I can hear him now. 

Really nice job Earl, and should be a real help for the newbies.


----------



## Clint Lamor (Nov 15, 2005)

ISWIZ said:


> Well there goes your, "I'm no shill" claim:lol:
> 
> I can hear him now.
> 
> Really nice job Earl, and should be a real help for the newbies.


:lol:

I saw the thread RIGHT after Earl posted it, I was so close to putting - Thats a good shill but decided not to.


----------



## dodge boy (Mar 31, 2006)

Awesome......... Thanks! Now if DirecTv could only make it do more you'd have a booklet instead of a sheet.


----------



## ronw41 (Nov 17, 2005)

Earl Bonovich said:


> Earlier tonight I recieved a short list of features - how to's.
> 
> So I decided to slap together a document, so users can print them out.
> 
> ...


Thanks Earl. That will be a handy reference for me. 
I will keep it next to my remote.

Thanks again.

Ron


----------



## gimme5 (Jan 28, 2006)

Wow! there's slo mo? All this time i've been doing the frame by frame. I'll make sure to try that later. Thanks Earl!


----------



## Bud33 (Jan 26, 2006)

How about setting and managing SL's


----------



## SBartleby (May 17, 2006)

Wolffpack said:


> Geez, there's more info on that one page than the entire R15 manual. Way to go Earl!!!!

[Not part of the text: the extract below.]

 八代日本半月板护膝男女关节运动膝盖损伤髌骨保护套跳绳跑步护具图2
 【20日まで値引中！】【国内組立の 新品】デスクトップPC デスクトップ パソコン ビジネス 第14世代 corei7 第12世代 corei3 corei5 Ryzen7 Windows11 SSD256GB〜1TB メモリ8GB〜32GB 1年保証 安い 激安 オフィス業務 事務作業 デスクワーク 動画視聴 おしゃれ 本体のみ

Actually, most of that info is on the page with the remote at the front of the manual... including slow motion.


----------



## Jim Reid (May 30, 2006)

a good start! nice work thanks!


----------



## psweig (Feb 4, 2006)

I don't know whch thread this belongs in. By accident, I hit 30 sec slip when the R15 was paused, instead of coming out of pause first, and it worked.  So.. you don't have to hit pause twice when it's on the screensaver if you are going to slip it anyway.


----------



## BigApe (May 12, 2006)

Earl,

Thanks for all the hard work and posting. I’m switching from an HDVR2 to a R15 next week. I’m sure I can use some of the info.

Again, THANKS!

Joe


----------



## davethestalker (Sep 17, 2006)

I'm a noob here and to DTV. I'm getting hooked up on Wednesday, Sept. 20th with a R15 and will get an HD-DVR come tax season. This guide will be helpful with the whole 'learning the new system' period. Nice job Earl.

I'm a fed up Concast customer. I have had their digital service for 2.5 years and Noggin pixelates, tiles, goes black, and takes a year to load sometimes. My kids like Noggin and have learned the chorus to the song "CABLE SUCKS!!!". After 12 service calls I have a litany of reasons to fully cut the cord. 

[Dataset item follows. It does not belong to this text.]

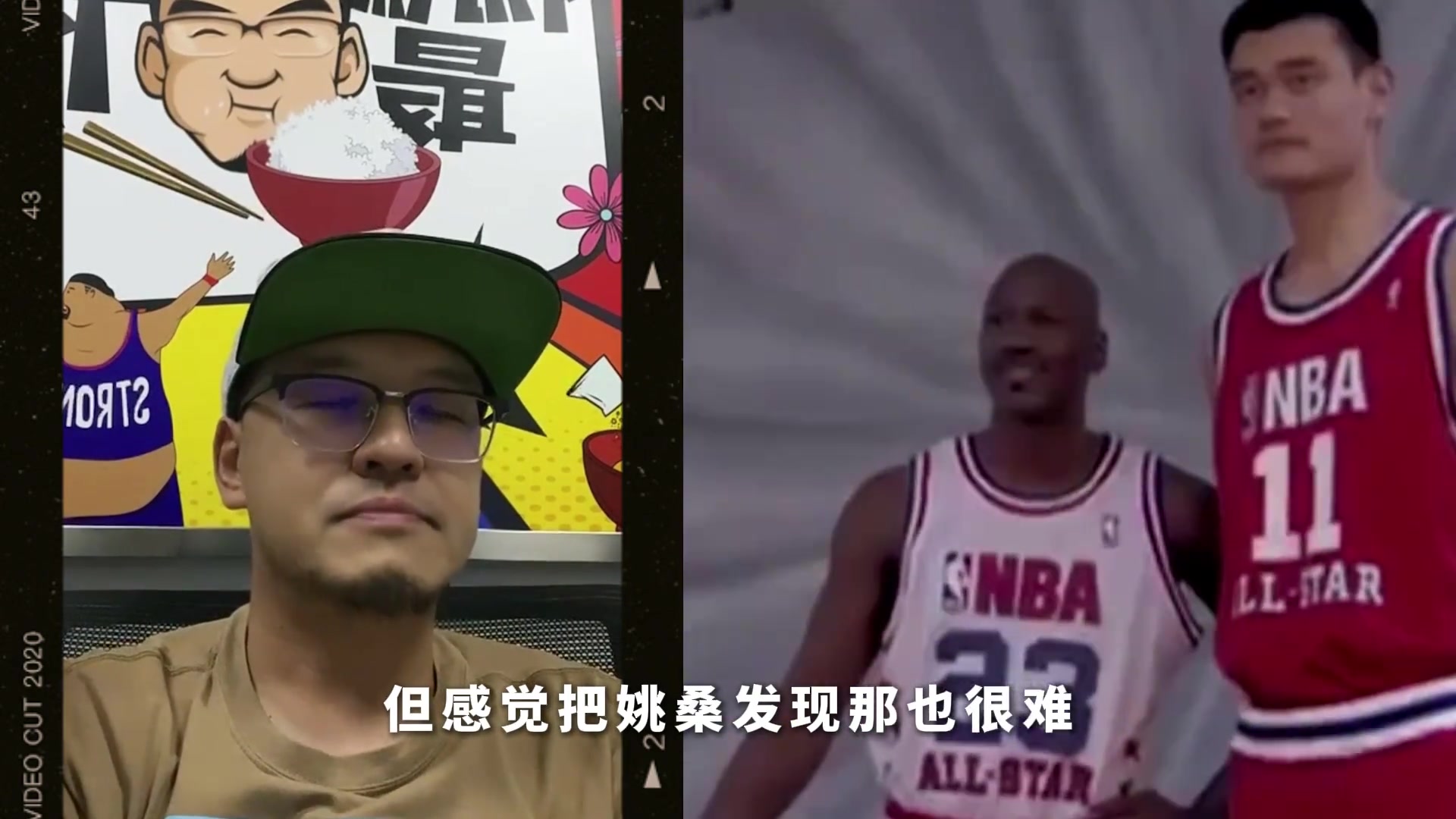  楊毅：姚明會的明顯沒有約基奇&恩比德多，尤其是被范甘迪改造后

They cannot provide HD in my area yet, but the people 15 miles away (South Bend) have it. Local commercials 'interrupting' programming, local comms being LOUD, paying more for less, and the picture is crap.

I am a former Dish customer. I had no complaints. Moving circumstances and having XM Radio's 'The Torch' on DTV is a HUGE plus to persuade me to DTV. I also have a friend that will benefit from a referral credit.

This may not have been the right thread to introduce myself, but here I am...


----------